Bhatner was wrested by Timur by defeating Bhatti King Rai Dul Chand. A mention has been made in "Tuzuk-e-Timuri" (Autobiography of Timur) about this fort and he stated this fort one of the strongest and secured fort of India. Timur invaded India in 1398, when he held a vast empire in the Middle East and Central Asia. He suffered tough resistance in India only from the Bhati ruler, Rai Dul Chand of Bhatner.
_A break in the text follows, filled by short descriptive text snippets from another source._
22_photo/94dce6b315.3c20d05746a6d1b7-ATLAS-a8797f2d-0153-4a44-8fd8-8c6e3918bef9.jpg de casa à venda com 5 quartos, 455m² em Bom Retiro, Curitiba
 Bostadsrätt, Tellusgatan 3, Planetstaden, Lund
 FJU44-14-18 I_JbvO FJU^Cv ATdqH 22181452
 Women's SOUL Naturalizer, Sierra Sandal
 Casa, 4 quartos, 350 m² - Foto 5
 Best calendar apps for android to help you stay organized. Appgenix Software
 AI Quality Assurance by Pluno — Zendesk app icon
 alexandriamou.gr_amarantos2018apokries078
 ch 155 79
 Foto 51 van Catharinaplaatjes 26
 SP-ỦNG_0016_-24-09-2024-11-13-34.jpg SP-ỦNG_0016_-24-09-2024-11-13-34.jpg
Rajputs and Muslims fought together against Timur under him but the Bhatner fort was ultimately sacked with the city burnt and laid waste. Also Akbar described it in his book "Ain-I-Akbari". Subsequently, the fort appears to have been held by Bhatis, Johiyas and Chayals until 1527 when it was taken by Rao Jet Singh of Bikaner state. After that, it came twice under Mughal control as well, in addition to being the possession of the royal families of Chayals and Bikaner. Researchers believe that the famous Second Battle of Tarain fought between Mohammad Ghori and Prithviraj Chauhan is the present Talwara Jheel area of the district. This fort stands in the path of invasion of India from Central Asia and had acted as a strong barricade against the attack of enemies. Finally in the year of 1805, it was captured by Soorat Singh of Bikaner and remained with it until the formation of Rajasthan. Since the day of victory was Tuesday (known as day of the Hindu God Hanuman), so he named Bhatner as Hanumangarh.